L’inflation a aussi eu des répercussions sur les finances des municipalités. La très grande majorité, sinon presque toutes, ont dû majorer les comptes de taxes résidentiels pour l’année fiscale 2023 en raison de la croissance des coûts engendrée par l’inflation.
«Les villes subissent des hausses de coûts et, pour l’instant, elles ne sont pas refilées à 100 % dans les comptes de taxes, fait remarquer Philippe Arel. Les municipalités vont-elles le faire? Ce sera à surveiller, car le poids de cette charge dans la structure des dépenses des immeubles est assez important.»
Propriétés à viser
Les gens qui investissent dans les plex et les multilogements n’ont pas tous la même réalité, financière ou autre.

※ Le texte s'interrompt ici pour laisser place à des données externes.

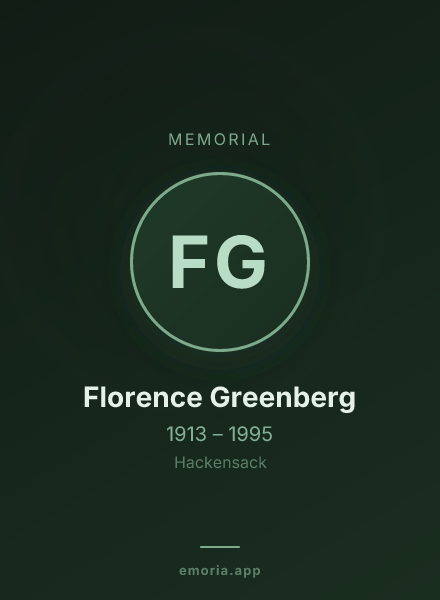 Memorial portrait of Florence Greenberg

Par contre, pour les petits investisseurs qui démarrent, Mathieu Lamarche estime qu’ils devraient commencer par un immeuble mal opéré, qui a besoin de rénovations ou dont les loyers sont trop bas.
«Lorsque j’ai commencé en 2010, ce n’était pas réalisable d’entreprendre un projet de 322 portes, comme celui que nous venons de construire à Terrebonne, souligne-t-il. J’ai commencé petit avant d’évoluer.»
À l’inverse, pour les investisseurs plus expérimentés qui ont déjà plusieurs propriétés, Mathieu Lamarche croit qu’ils devraient tenter de consolider leur parc immobilier.
«Je le suggère fortement, indique-t-il. Idéalement, il ne faut pas trop s’éparpiller. Tu veux toujours être assez proche si des problèmes surviennent. C’est aussi plus facile de gérer un seul édifice de 30 logements que dix triplex. Tu n’as pas à gérer dix comptes de taxes ou dix coquilles. Tu te déplaces une seule fois. Tu veux donc acheter le plus gros possible.»